# EXERCISE DIRECTIONS:
Below are records. Count every line containing the word "shot" and give the number alone.

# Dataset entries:
--
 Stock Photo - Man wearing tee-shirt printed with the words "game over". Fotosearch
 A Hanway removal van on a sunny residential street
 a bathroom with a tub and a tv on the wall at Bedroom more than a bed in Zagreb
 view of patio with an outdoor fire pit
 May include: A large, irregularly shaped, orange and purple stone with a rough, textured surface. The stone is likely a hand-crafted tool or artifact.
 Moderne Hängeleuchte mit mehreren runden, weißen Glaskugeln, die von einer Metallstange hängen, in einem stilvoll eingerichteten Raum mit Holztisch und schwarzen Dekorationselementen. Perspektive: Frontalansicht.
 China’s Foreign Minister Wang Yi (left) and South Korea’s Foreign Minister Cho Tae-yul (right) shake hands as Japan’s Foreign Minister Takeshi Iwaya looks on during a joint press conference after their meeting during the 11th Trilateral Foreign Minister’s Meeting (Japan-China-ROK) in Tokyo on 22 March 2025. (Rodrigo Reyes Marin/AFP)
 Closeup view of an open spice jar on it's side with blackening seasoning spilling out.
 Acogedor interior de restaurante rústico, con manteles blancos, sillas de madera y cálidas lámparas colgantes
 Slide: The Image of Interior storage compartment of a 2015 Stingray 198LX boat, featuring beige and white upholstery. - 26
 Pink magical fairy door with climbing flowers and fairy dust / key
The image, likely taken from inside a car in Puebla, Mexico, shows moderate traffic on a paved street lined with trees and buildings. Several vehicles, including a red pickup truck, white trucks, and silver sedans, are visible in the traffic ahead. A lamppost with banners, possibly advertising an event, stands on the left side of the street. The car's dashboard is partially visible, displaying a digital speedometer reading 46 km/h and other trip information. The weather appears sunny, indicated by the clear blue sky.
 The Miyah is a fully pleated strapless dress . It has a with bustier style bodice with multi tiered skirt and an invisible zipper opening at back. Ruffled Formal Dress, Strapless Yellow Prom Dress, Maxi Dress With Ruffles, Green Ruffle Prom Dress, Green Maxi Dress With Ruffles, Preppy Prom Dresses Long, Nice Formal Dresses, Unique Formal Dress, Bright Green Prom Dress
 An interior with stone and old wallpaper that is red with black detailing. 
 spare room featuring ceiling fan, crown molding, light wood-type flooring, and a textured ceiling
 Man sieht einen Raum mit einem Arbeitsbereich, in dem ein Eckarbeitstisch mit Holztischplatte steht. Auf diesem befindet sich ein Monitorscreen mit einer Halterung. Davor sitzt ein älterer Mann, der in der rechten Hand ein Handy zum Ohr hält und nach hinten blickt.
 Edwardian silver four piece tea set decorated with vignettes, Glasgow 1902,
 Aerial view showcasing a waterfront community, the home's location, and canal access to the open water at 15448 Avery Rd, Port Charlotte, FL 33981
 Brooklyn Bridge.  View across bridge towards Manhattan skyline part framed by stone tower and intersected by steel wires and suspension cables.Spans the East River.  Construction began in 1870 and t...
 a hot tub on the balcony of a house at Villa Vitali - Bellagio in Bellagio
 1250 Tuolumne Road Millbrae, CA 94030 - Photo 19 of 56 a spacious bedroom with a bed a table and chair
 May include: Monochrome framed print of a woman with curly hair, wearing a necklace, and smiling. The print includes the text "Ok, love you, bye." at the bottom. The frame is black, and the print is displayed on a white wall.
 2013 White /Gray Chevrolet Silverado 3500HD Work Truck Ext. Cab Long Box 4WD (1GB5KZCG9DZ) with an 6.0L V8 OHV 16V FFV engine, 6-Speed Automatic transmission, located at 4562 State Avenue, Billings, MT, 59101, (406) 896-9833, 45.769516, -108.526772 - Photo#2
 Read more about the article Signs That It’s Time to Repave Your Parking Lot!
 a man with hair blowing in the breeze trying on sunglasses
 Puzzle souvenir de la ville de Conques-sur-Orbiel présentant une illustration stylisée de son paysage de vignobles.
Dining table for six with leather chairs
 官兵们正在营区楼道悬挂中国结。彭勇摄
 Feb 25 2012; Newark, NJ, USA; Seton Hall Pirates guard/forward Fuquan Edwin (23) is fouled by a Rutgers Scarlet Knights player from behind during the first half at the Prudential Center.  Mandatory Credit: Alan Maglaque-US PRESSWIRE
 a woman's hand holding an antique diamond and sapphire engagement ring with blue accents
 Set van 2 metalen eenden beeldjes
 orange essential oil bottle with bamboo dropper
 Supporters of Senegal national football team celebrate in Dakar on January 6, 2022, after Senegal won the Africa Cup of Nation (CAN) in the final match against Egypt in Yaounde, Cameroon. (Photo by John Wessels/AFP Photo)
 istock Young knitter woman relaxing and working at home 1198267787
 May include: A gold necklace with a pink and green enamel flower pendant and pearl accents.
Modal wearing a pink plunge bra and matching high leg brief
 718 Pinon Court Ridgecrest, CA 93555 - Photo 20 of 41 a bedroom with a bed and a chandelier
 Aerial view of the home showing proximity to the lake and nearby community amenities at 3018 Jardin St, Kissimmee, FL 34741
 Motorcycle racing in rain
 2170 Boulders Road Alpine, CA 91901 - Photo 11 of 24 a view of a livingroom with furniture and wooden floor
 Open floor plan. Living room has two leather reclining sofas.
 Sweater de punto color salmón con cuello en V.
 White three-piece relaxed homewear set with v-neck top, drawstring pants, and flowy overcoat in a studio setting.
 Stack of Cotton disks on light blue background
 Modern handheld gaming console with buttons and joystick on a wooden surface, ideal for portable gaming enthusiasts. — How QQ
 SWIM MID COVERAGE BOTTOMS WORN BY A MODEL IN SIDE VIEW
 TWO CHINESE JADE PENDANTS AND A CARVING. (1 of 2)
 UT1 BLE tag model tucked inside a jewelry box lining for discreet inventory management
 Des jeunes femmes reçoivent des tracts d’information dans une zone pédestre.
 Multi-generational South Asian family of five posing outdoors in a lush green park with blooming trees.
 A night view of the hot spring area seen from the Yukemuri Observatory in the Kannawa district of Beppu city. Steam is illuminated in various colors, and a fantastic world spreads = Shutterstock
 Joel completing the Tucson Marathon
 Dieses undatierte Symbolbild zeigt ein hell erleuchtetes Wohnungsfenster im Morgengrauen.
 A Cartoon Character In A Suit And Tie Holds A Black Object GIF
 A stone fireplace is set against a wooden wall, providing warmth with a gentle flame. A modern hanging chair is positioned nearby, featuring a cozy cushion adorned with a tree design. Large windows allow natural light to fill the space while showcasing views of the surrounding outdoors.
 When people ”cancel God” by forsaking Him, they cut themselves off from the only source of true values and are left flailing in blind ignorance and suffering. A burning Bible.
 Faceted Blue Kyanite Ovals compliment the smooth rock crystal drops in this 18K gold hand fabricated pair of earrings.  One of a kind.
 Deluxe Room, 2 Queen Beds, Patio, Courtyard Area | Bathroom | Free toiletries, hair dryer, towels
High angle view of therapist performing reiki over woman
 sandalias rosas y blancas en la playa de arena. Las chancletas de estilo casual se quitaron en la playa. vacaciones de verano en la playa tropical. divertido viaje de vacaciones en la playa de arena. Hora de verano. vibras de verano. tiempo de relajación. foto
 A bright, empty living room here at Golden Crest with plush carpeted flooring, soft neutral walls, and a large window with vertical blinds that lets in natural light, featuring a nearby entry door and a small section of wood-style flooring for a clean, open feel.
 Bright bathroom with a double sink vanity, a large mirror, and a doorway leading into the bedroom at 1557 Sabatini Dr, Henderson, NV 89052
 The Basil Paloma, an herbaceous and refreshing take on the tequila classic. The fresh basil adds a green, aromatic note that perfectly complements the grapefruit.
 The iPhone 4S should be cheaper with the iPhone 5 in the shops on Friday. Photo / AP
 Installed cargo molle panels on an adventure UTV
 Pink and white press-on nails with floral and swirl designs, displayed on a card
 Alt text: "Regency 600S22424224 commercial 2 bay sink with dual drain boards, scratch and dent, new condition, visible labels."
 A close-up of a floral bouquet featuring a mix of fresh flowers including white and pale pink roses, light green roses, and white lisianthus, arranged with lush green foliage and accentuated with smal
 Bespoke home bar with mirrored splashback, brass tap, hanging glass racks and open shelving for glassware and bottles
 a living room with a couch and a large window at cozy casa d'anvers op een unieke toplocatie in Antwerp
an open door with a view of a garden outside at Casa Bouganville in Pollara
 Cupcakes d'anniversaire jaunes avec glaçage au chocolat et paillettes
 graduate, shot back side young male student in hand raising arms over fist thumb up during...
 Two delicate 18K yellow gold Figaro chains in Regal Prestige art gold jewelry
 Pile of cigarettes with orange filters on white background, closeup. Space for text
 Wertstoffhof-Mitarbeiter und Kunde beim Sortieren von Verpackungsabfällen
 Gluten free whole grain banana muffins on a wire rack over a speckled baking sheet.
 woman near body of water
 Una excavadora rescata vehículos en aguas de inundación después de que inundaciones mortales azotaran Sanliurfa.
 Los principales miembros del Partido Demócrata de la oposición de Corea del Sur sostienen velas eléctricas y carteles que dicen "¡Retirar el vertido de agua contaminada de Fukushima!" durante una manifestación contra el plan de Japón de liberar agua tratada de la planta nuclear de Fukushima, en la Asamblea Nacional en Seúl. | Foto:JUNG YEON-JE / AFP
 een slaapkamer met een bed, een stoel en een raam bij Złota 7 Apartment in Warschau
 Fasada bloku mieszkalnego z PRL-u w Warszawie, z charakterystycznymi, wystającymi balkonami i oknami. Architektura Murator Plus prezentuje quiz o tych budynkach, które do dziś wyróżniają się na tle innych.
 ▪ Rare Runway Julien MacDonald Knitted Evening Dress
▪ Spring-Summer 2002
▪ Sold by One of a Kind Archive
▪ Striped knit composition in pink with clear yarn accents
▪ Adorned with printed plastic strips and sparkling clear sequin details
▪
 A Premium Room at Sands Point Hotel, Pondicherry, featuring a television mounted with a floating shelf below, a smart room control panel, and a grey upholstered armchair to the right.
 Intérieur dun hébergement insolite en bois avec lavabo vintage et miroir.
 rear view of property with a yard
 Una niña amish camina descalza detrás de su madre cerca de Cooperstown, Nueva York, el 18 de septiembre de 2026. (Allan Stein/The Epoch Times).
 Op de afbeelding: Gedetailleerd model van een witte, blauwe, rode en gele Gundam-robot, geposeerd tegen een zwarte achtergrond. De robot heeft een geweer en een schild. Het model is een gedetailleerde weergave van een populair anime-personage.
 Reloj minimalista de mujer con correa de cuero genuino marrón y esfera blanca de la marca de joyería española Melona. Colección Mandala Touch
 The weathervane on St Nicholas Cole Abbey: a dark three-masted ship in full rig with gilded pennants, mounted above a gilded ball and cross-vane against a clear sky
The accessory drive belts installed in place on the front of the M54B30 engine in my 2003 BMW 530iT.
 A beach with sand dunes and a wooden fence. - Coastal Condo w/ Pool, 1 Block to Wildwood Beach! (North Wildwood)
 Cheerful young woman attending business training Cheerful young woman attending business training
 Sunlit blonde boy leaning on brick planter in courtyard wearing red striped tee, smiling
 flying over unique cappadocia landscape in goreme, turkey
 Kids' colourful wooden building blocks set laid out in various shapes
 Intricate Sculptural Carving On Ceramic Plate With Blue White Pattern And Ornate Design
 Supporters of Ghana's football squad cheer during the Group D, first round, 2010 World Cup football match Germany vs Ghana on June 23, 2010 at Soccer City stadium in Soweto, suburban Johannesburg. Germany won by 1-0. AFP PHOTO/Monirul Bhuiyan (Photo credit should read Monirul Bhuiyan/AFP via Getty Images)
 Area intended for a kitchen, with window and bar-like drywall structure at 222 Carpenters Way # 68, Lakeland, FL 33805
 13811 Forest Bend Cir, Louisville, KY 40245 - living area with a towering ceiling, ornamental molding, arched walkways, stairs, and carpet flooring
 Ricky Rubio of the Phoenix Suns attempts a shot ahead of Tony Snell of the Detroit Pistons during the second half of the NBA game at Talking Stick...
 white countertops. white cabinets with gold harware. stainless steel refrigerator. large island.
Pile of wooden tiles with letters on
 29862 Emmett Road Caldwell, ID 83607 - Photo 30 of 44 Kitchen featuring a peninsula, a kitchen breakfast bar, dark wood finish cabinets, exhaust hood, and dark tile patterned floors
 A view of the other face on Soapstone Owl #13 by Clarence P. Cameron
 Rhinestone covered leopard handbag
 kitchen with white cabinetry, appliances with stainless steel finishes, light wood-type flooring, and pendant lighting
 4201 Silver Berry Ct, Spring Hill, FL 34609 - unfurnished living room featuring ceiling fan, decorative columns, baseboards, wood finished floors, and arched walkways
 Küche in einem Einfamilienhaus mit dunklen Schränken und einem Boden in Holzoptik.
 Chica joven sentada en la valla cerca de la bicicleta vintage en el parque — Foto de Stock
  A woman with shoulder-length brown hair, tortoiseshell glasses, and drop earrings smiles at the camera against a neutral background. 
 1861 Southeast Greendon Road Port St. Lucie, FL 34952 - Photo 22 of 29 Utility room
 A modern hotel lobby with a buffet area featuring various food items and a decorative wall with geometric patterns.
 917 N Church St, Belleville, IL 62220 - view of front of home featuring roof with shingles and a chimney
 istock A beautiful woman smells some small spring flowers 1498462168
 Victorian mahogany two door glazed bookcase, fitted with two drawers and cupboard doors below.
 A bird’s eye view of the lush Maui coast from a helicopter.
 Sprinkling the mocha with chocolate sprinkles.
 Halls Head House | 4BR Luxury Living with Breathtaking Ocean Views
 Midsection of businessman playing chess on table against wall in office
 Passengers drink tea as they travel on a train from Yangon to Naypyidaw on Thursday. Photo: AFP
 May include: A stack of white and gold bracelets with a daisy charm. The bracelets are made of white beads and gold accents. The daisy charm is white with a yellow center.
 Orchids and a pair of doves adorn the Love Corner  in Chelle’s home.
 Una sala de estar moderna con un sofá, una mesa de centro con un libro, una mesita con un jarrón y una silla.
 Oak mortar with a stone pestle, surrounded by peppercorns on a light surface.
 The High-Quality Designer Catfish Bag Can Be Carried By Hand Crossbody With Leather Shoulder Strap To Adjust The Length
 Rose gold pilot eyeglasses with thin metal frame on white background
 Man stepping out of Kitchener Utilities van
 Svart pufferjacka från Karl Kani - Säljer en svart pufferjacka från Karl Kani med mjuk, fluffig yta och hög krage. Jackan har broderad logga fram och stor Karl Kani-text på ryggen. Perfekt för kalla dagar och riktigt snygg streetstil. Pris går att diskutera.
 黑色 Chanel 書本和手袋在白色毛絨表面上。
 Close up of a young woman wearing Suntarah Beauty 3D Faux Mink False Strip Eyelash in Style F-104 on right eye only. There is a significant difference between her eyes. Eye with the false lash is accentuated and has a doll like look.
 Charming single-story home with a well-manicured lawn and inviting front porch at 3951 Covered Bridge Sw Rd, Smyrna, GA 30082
--
# TASK ANSWER:
2